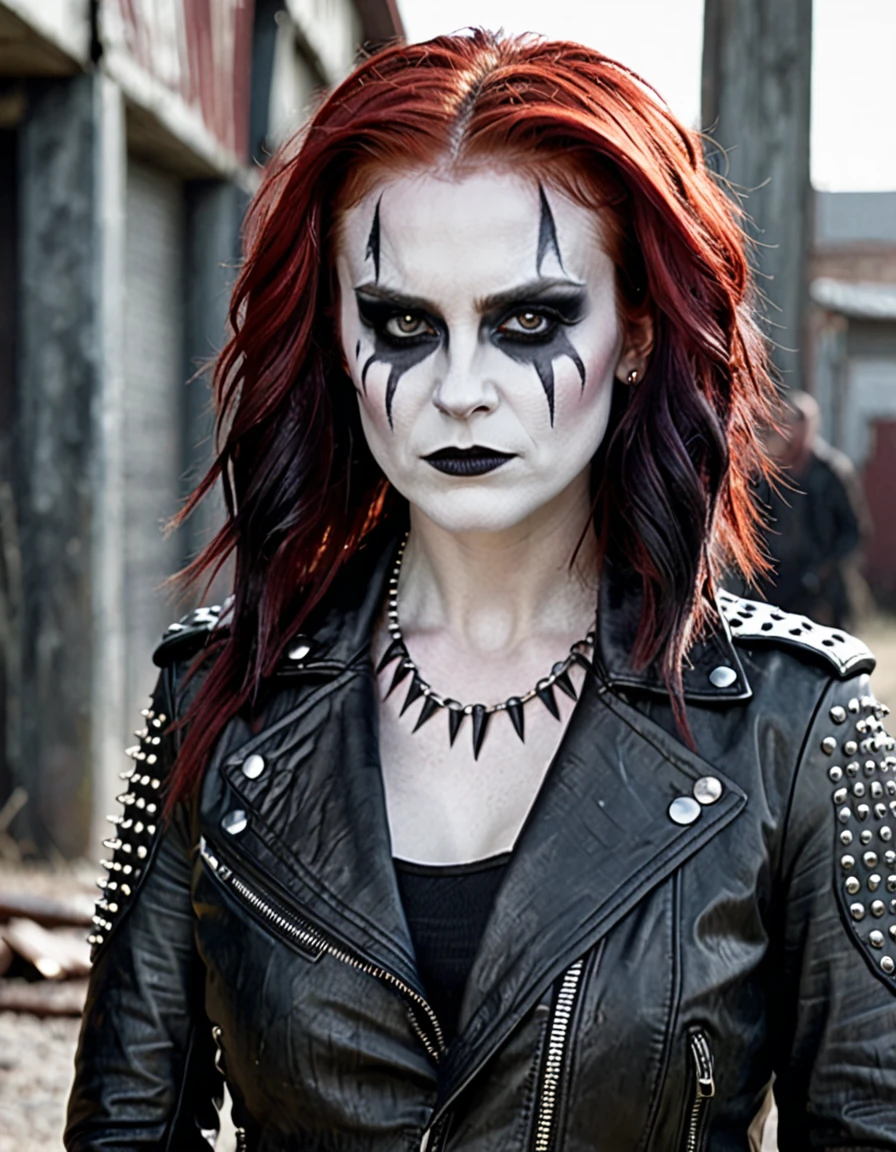 a female character, "Chelsea cut" hairstyle, red colored hair. The background is greyish white. The character's face is confident, with pale skin and corpse paint. She wears a dark-colored leather jacket with studs. 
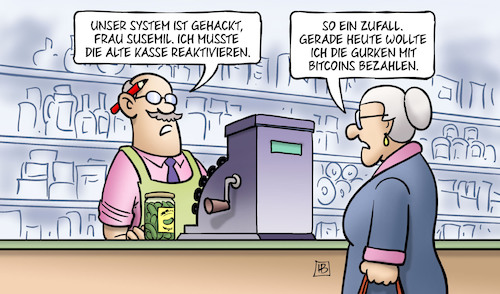 Bitcoins von Harm Bengen Politik Cartoon TOONPOOL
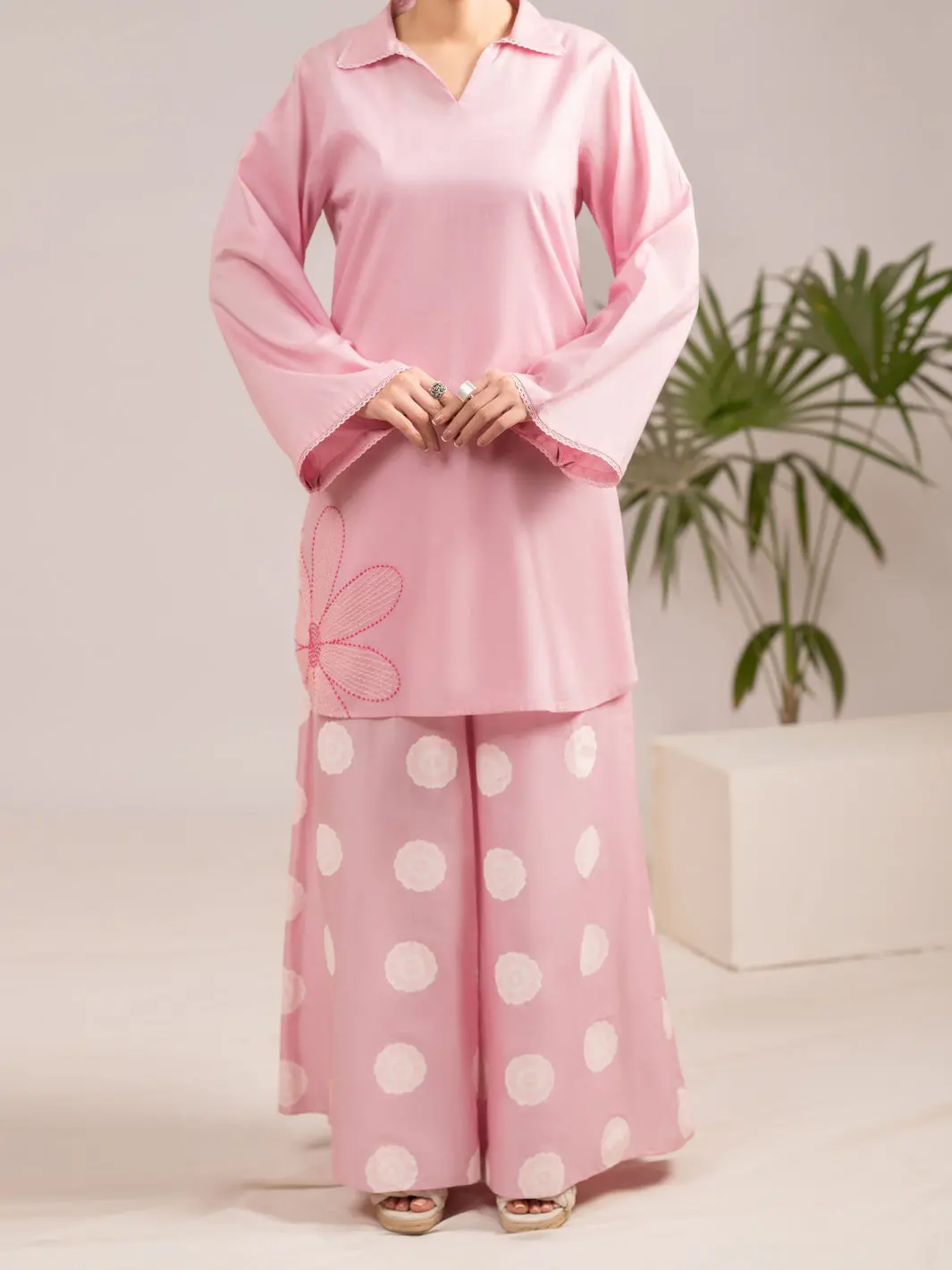 Pink Lawn 2Pc Stitched - Al-Lks-1109 1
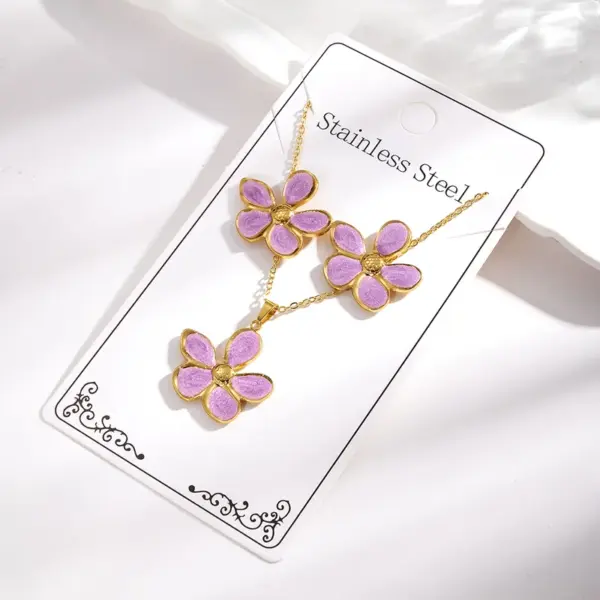 Wholesale 304 Stainless Steel Oil Drop Five Leaf Flower Necklace Earring Set Women's Jewelry Accessories Holiday Casual Vacation Style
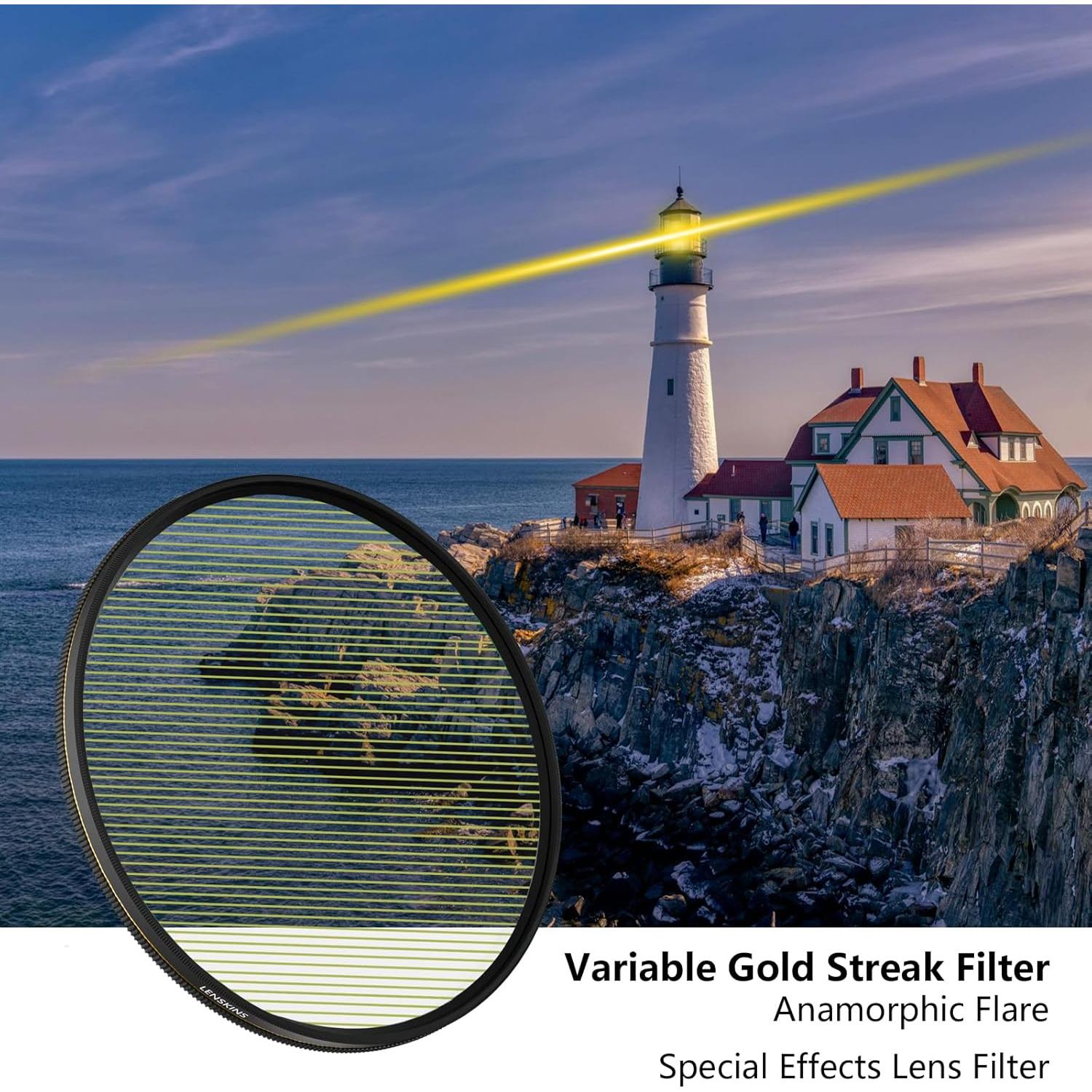 Filtro de lente Gold Streak 67mm para cámara DSLR - Efectos especiales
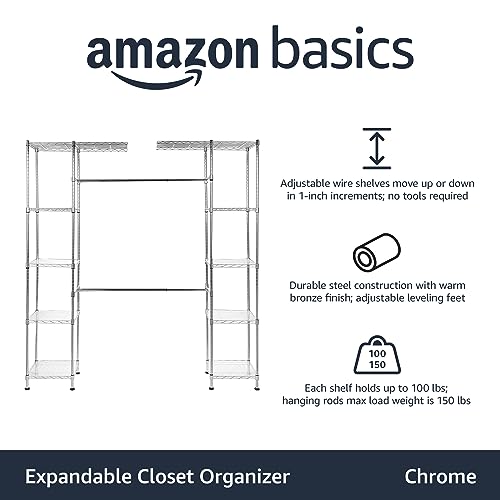Amazon Basics Expandable Adjustable Metal Closet Organizer with - Image 4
· · · · ·
= Instructions to follow =
What you give back should be exactly the lines from the top of the data above down to and including the line with "Wholesale 304 Stainless", minus any pictures.

= Written response =
 a female character, "Chelsea cut" hairstyle, red colored hair. The background is greyish white. The character's face is confident, with pale skin and corpse paint. She wears a dark-colored leather jacket with studs. 
 Bitcoins von Harm Bengen Politik Cartoon TOONPOOL
 Pink Lawn 2Pc Stitched - Al-Lks-1109 1
 Wholesale 304 Stainless Steel Oil Drop Five Leaf Flower Necklace Earring Set Women's Jewelry Accessories Holiday Casual Vacation Style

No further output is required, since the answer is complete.